Unfortunately for this taxpayer, that is not what happened in the present case. As an accrual basis taxpayer, The Lodge & Shipley Company deducted $80,147.23 from its reportable income for the year 1954. This deduction was disallowed by the Commissioner, and taxpayer was assessed an additional tax of $41,676.56.

15

It seems clear that under the applicable statute such action by the Commissioner was correct. The judgment in No. 14,430 must be reversed. Section 381 (c) (16) of the Internal Revenue Code of 1954 specifically conditions the right of refund to a transferee corporation to the situation where the transferor corporation would likewise have been entitled to it. But Columbia would not have been entitled to a deduction in 1954, or in any other year. Section 1481(d) of the Internal Revenue Code of 1954, 26 U.S.C.A. § 1481(d) deals with the mitigation of the tax effects of renegotiation of government contracts, and provides that, when a renegotiation relates to profits in taxable years subject to the 1939 Code, "the adjustments in respect of such renegotiation shall be made under section 3806 of such code." Section 3806 of the 1939 Code must be relied upon in the instant case to determine the tax effects of the renegotiation. This section would not have allowed Columbia to take a deduction; therefore, The Lodge & Shipley Company, the surviving corporation in the merger, is also not entitled to take a deduction.

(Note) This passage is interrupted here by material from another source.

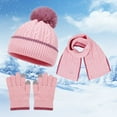 thumbnail image 2 of Splozh Baby Boy Winter Scarf Fall Winter Hat Gloves Scarf Set Girls Boys Hats Gloves Knit Set with Thick Warm Fleece Lined Pink,2-8 Years, 2 of 9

Under § 3806, the adjustment which is authorized is to be made, not by means of deduction in the year a refund is required, but rather by means of a retroactive computation of income, and a summary procedure is established whereby an offsetting tax is used to mitigate the effects of the renegotiation. To hold that Columbia could have taken a deduction in 1954 would be contrary to the specific prohibition in § 3806(a) (3).

16

Nor is the foregoing altered by the fact that the government negotiated the "Tripartite Agreement" with The Lodge & Shipley Company. The taxpayer is trying to transform the tax credit permitted by § 3806 into a deduction. Because Columbia sustained and reported net losses for the years 1951, 1952, and 1953, and paid no taxes on the contract accruals for those years, under the clear language of § 3806 it would not have been entitled to any tax credit upon the repayment of the excessive profits. Accordingly, The Lodge & Shipley Company, as the successor to Columbia, also is not entitled to any tax credit under that section, and the judgment in case No. 14,431 must be affirmed.

17

A judgment will be entered reversing the decision in No. 14,430 and remanding the case to the District Court for further proceedings not inconsistent with this opinion. A judgment will be entered affirming the decision of the District Court in No. 14,431.